Using machines he designed himself, his business can produce up to 400 snake guides an hour. They’re shipped all over the world, he said, to customers as far away as Japan and New Zealand.
To a non-fly fisher, maybe the words “snake guide” mean nothing — but at the very least, you may have heard how important getting the “perfect cast” is in the sport of fishing.
A snake guide is one of the tiny metal pieces attached to a fly rod through which the fishing line is strung. Other guides, such as the ones you might find on an average fly rod, are shaped like a teardrop. McCoy said those guides have more “drag points.”
Snake guides are named for their particular design.
“Because it’s got a little snaky twist,” McCoy said.
The tiny bit of metal is twisted into a loop and spread in such a way, like a relaxed pipe curl, that the line gains what McCoy said is better speed and distance, versus a teardrop shape. And to a professional fisher or hobbyist, that little advantage matters.
A fisherman all his life, McCoy used to spend his days with his parents catching fish in the streams near Mount Lassen in Northern California in the 1950s. He met his wife, Susan, who would eventually help him with the Snake Brand business that he started in 1993. McCoy said a mentor inspired him in the early 1990s by telling him that he had the patience to create better guides than were available on the market.
After working for companies like Microsoft and Intel, he already had a technical mind, he said. Starting out wasn’t easy, however. At first he didn’t have a practical way to make the snake guides. He had a team of employees who produced 30 to 40 of them a day by hand.
“It was a very slow process we were doing,” Susan McCoy said. “(We would have) indented fingernails from trying to buff things and literally after a while it would get into your nails. We don’t have to do that anymore, thank goodness.”
Mike McCoy worked on building machines to automate the process, receiving patents in the mid-2000s. These days, he said they produce “about 400 parts an hour each.”
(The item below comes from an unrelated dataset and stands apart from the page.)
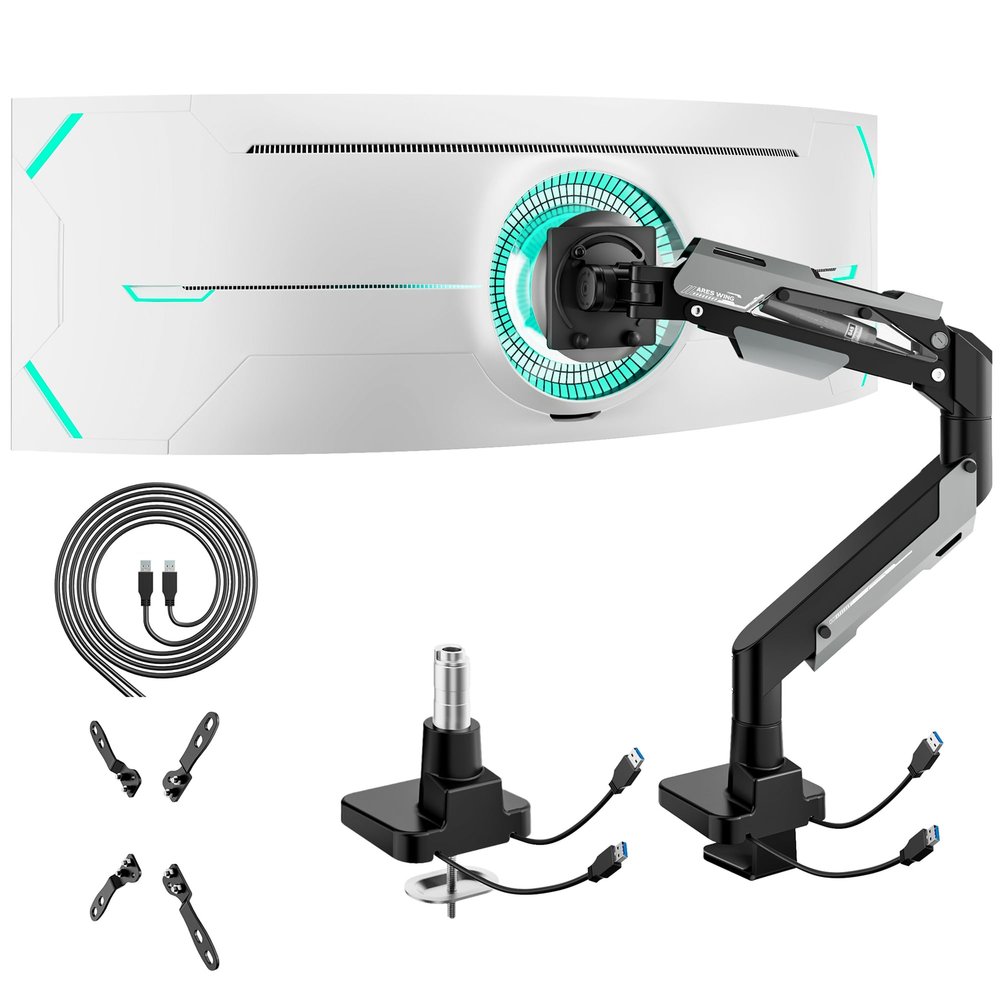 ARES WING Heavy Duty Ultrawide Monitor Arm - Gas Spring Aluminum Monitor Mount with USB for 24"-57" Curved Screens up to 66 lbs with Clamp/Grommet Desk Mount, 75/100/200 Vesa Mount, Black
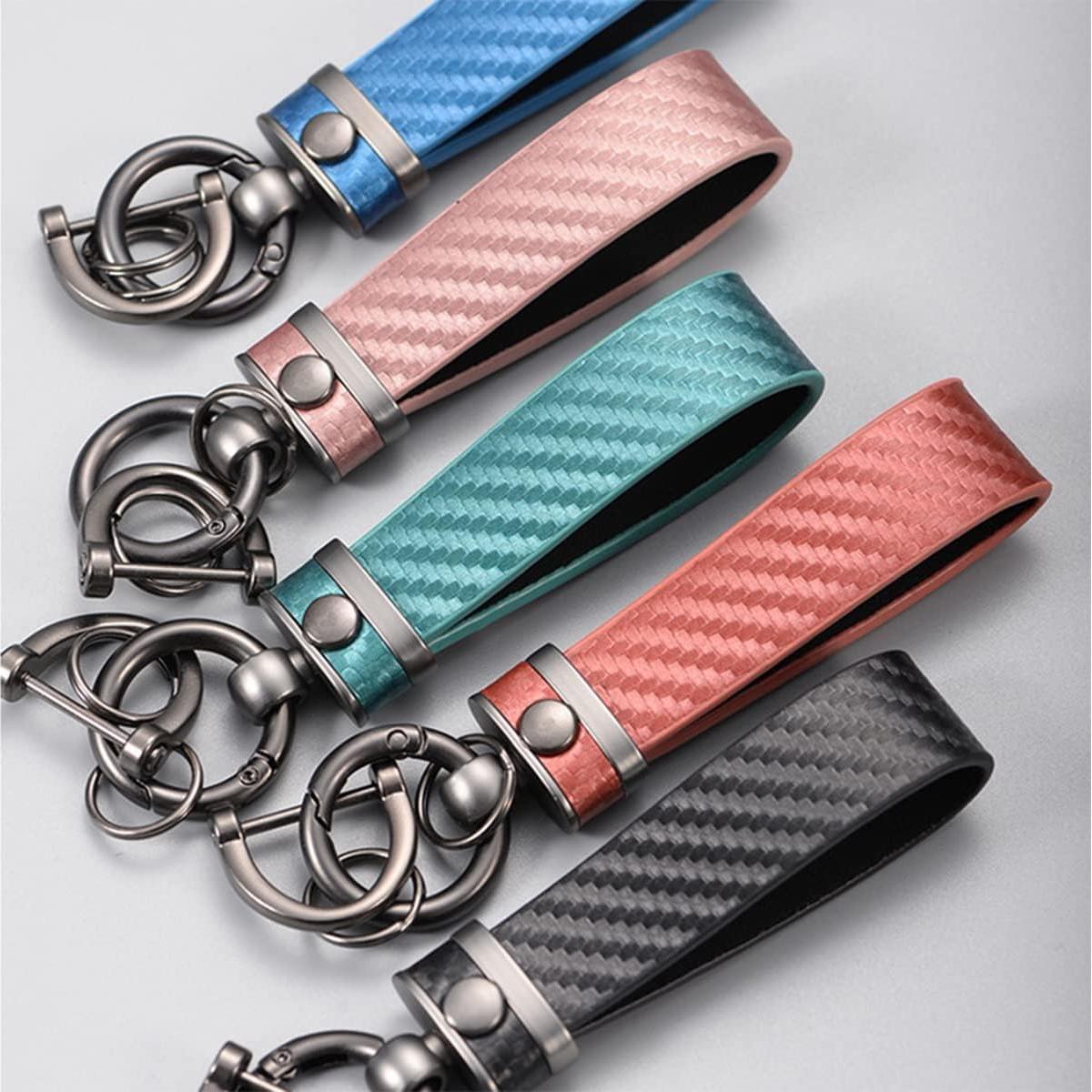 Llavero de Automóvil AUCELI de Fibra de Carbono Negro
Before being twisted into the “snaky” design by the machine in his garage, the metals for the guides are pressed in a space he has rented in Newberg, Ore. That’s where he started the business before he and Susan moved to a larger swath of land near Battle Ground.
In his garage, he lays what looks like a slightly larger than a needle piece of metal in the machine and it quickly clamps together, forming the stretched loop.
He ships the snake guides to fly-fishing vendors, specialty shops and individual custom fly rod builders. He wouldn’t disclose how much he earned last year through the business, but said he probably shipped “tens of thousands” of guides last year.
He said sales have increased in the last few years. According to a 2017 survey by Southwick Associates for the American Fly Fishing Trade Association, the size of the U.S. fly-fishing market is $1.08 billion — and the Western United States ranked first in gross sales by region.
Most in the business know it isn’t necessarily a cheap hobby. Some fly-fishers could spend thousands decking out their rods.
As McCoy gets older, he’s looking to retire from his home business eventually, but he still tries to stay active in the fishing community by helping others learn the craft.
While on a fishing trip to Fall River, near the Deschutes River in Oregon, Katherine Paiva of Eugene, Ore., encountered McCoy in a parking lot. She was wearing her fishing waders. He approached, she said, because “he doesn’t meet a lot of women in waders.”
“We just struck up a friendship,” she said. “I was new to fly fishing and Mike came over and started talking to me and was so encouraging … You don’t get that a lot when you walk into a fly store.”